The Danish cultural journal Critique has published for the first time the full version of an essay on Waugh’s life and work written in 2009. This is entitled “Evelyn Waughs korstog mod moderniteten” (“Evelyn Waugh’s Crusade Against Modernity”) and is summarized in this introductory paragraph:
The author Evelyn Waugh developed dramatically from the ultra-modernist, depicting the decadence of the British upper class, to a sharp conservative author who in Christianity saw a way of development for Western Civilization.
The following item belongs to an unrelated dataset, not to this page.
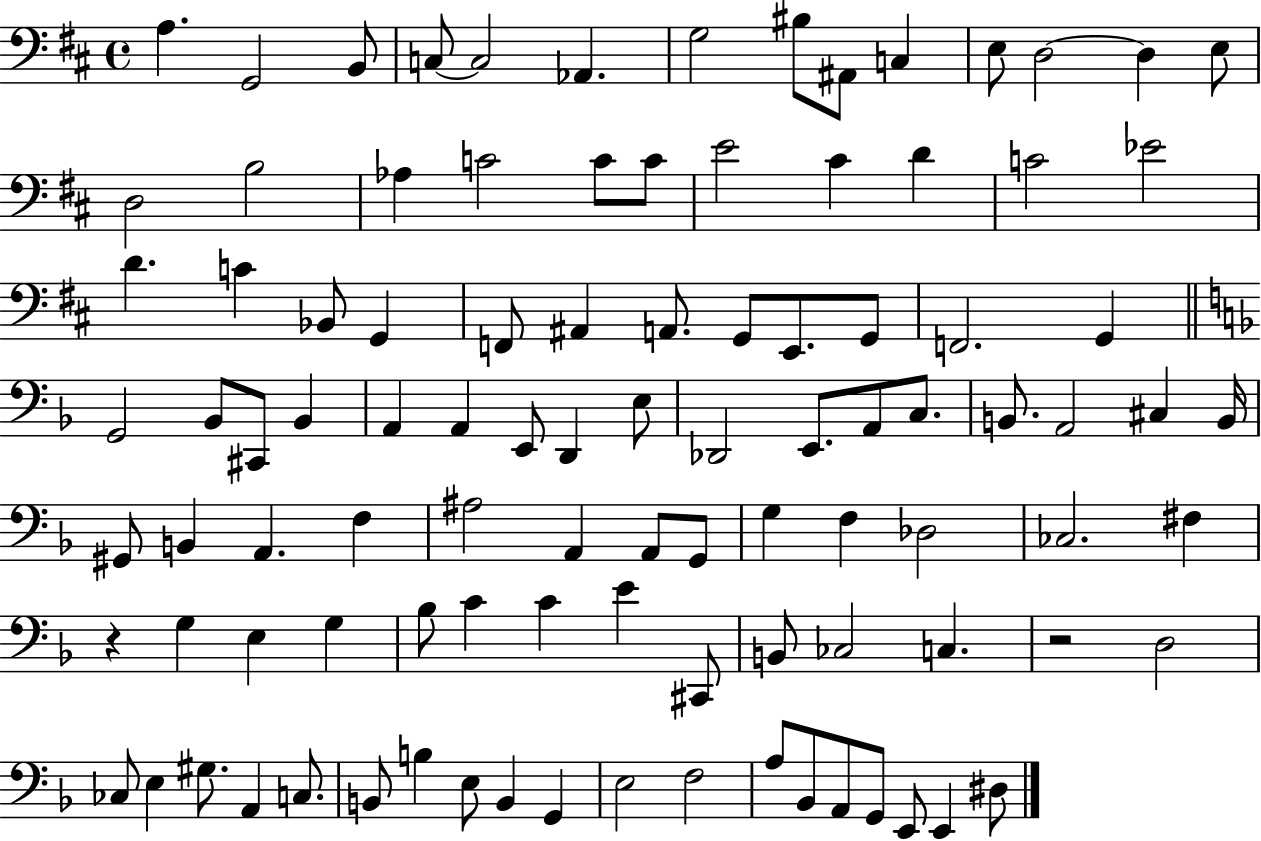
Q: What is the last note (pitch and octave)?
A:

The great British satirist Evelyn Waugh’s conservative modernity criticism is the subject of lecturer, PhD. Søren Besenbacher’s article from Critique II (2009), which we have reproduced here from the original manuscript on the occasion of the 10th Anniversary Jubilee.
Besenbacher concentrates mostly on Waugh’s novels, discussing the modernism in Decline and Fall and Vile Bodies and then, following his divorce and conversion, the religious themes developed in Brideshead Revisited and Sword of Honour. There are brief references to A Handful of Dust and Put Out More Flags but the other novels are hardly mentioned. Finally, the article looks briefly at Waugh’s political philosophy (such as it is) in Robbery Under Law, the only non-fiction book that is mentioned. The translation from Danish is by Google with a few edits.